Start of Input material
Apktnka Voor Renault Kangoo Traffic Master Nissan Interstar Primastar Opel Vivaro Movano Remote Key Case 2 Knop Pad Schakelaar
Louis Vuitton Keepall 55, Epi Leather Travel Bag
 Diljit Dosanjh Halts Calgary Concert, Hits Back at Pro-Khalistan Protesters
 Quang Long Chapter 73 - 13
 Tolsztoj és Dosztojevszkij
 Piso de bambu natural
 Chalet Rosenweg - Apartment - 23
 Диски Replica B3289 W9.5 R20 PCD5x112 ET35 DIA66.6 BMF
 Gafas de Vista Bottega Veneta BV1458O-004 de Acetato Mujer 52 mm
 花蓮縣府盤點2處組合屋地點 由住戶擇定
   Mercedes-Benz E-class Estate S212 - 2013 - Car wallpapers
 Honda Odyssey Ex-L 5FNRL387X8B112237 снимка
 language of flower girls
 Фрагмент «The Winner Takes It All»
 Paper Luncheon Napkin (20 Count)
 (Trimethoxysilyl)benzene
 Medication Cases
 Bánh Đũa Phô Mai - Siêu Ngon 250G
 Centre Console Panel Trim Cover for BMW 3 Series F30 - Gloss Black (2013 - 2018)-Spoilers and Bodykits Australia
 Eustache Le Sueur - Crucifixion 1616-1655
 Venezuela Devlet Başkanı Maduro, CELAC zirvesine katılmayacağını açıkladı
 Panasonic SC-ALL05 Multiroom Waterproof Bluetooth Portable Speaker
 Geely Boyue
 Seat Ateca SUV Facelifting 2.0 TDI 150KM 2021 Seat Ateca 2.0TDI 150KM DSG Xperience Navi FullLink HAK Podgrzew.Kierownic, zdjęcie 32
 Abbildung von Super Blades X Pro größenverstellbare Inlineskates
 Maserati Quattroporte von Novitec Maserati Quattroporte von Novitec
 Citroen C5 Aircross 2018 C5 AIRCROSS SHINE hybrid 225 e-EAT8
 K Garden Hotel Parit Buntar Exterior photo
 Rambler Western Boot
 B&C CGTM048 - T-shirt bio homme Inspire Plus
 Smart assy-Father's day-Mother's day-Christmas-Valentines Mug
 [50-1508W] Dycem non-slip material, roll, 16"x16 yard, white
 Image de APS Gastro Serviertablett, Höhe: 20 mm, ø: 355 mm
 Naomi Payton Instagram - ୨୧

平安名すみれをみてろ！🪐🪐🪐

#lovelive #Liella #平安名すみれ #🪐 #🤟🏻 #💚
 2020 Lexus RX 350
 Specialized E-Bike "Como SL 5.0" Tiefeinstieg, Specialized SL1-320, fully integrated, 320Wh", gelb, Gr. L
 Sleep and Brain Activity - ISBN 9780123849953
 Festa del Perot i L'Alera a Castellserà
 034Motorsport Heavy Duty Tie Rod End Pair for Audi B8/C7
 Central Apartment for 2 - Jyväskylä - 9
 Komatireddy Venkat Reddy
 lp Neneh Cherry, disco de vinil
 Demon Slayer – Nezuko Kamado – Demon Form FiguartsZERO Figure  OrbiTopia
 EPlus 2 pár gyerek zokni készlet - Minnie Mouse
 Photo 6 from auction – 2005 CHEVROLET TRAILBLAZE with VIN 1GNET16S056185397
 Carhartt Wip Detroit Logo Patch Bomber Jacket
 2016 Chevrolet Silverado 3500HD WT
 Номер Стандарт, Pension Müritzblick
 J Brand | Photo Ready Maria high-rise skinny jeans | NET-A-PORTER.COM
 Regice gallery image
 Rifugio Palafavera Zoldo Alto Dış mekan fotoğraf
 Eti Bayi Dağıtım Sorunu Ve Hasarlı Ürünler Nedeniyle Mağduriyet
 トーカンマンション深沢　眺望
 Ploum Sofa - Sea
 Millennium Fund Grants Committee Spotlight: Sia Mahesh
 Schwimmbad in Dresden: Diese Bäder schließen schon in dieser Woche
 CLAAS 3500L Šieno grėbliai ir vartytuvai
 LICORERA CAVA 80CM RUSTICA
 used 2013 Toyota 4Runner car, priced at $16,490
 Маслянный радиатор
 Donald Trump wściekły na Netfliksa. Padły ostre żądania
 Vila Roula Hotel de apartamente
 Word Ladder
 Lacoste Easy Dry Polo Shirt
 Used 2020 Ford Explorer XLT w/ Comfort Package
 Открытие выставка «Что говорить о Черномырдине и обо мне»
End of Input material
Each entry, from start to finish, must be restated exactly.

Answer space:
Apktnka Voor Renault Kangoo Traffic Master Nissan Interstar Primastar Opel Vivaro Movano Remote Key Case 2 Knop Pad Schakelaar
Louis Vuitton Keepall 55, Epi Leather Travel Bag
 Diljit Dosanjh Halts Calgary Concert, Hits Back at Pro-Khalistan Protesters
 Quang Long Chapter 73 - 13
 Tolsztoj és Dosztojevszkij
 Piso de bambu natural
 Chalet Rosenweg - Apartment - 23
 Диски Replica B3289 W9.5 R20 PCD5x112 ET35 DIA66.6 BMF
 Gafas de Vista Bottega Veneta BV1458O-004 de Acetato Mujer 52 mm
 花蓮縣府盤點2處組合屋地點 由住戶擇定
   Mercedes-Benz E-class Estate S212 - 2013 - Car wallpapers
 Honda Odyssey Ex-L 5FNRL387X8B112237 снимка
 language of flower girls
 Фрагмент «The Winner Takes It All»
 Paper Luncheon Napkin (20 Count)
 (Trimethoxysilyl)benzene
 Medication Cases
 Bánh Đũa Phô Mai - Siêu Ngon 250G
 Centre Console Panel Trim Cover for BMW 3 Series F30 - Gloss Black (2013 - 2018)-Spoilers and Bodykits Australia
 Eustache Le Sueur - Crucifixion 1616-1655
 Venezuela Devlet Başkanı Maduro, CELAC zirvesine katılmayacağını açıkladı
 Panasonic SC-ALL05 Multiroom Waterproof Bluetooth Portable Speaker
 Geely Boyue
 Seat Ateca SUV Facelifting 2.0 TDI 150KM 2021 Seat Ateca 2.0TDI 150KM DSG Xperience Navi FullLink HAK Podgrzew.Kierownic, zdjęcie 32
 Abbildung von Super Blades X Pro größenverstellbare Inlineskates
 Maserati Quattroporte von Novitec Maserati Quattroporte von Novitec
 Citroen C5 Aircross 2018 C5 AIRCROSS SHINE hybrid 225 e-EAT8
 K Garden Hotel Parit Buntar Exterior photo
 Rambler Western Boot
 B&C CGTM048 - T-shirt bio homme Inspire Plus
 Smart assy-Father's day-Mother's day-Christmas-Valentines Mug
 [50-1508W] Dycem non-slip material, roll, 16"x16 yard, white
 Image de APS Gastro Serviertablett, Höhe: 20 mm, ø: 355 mm
 Naomi Payton Instagram - ୨୧

平安名すみれをみてろ！🪐🪐🪐

#lovelive #Liella #平安名すみれ #🪐 #🤟🏻 #💚
 2020 Lexus RX 350
 Specialized E-Bike "Como SL 5.0" Tiefeinstieg, Specialized SL1-320, fully integrated, 320Wh", gelb, Gr. L
 Sleep and Brain Activity - ISBN 9780123849953
 Festa del Perot i L'Alera a Castellserà
 034Motorsport Heavy Duty Tie Rod End Pair for Audi B8/C7
 Central Apartment for 2 - Jyväskylä - 9
 Komatireddy Venkat Reddy
 lp Neneh Cherry, disco de vinil
 Demon Slayer – Nezuko Kamado – Demon Form FiguartsZERO Figure  OrbiTopia
 EPlus 2 pár gyerek zokni készlet - Minnie Mouse
 Photo 6 from auction – 2005 CHEVROLET TRAILBLAZE with VIN 1GNET16S056185397
 Carhartt Wip Detroit Logo Patch Bomber Jacket
 2016 Chevrolet Silverado 3500HD WT
 Номер Стандарт, Pension Müritzblick
 J Brand | Photo Ready Maria high-rise skinny jeans | NET-A-PORTER.COM
 Regice gallery image
 Rifugio Palafavera Zoldo Alto Dış mekan fotoğraf
 Eti Bayi Dağıtım Sorunu Ve Hasarlı Ürünler Nedeniyle Mağduriyet
 トーカンマンション深沢　眺望
 Ploum Sofa - Sea
 Millennium Fund Grants Committee Spotlight: Sia Mahesh
 Schwimmbad in Dresden: Diese Bäder schließen schon in dieser Woche
 CLAAS 3500L Šieno grėbliai ir vartytuvai
 LICORERA CAVA 80CM RUSTICA
 used 2013 Toyota 4Runner car, priced at $16,490
 Маслянный радиатор
 Donald Trump wściekły na Netfliksa. Padły ostre żądania
 Vila Roula Hotel de apartamente
 Word Ladder
 Lacoste Easy Dry Polo Shirt
 Used 2020 Ford Explorer XLT w/ Comfort Package
 Открытие выставка «Что говорить о Черномырдине и обо мне»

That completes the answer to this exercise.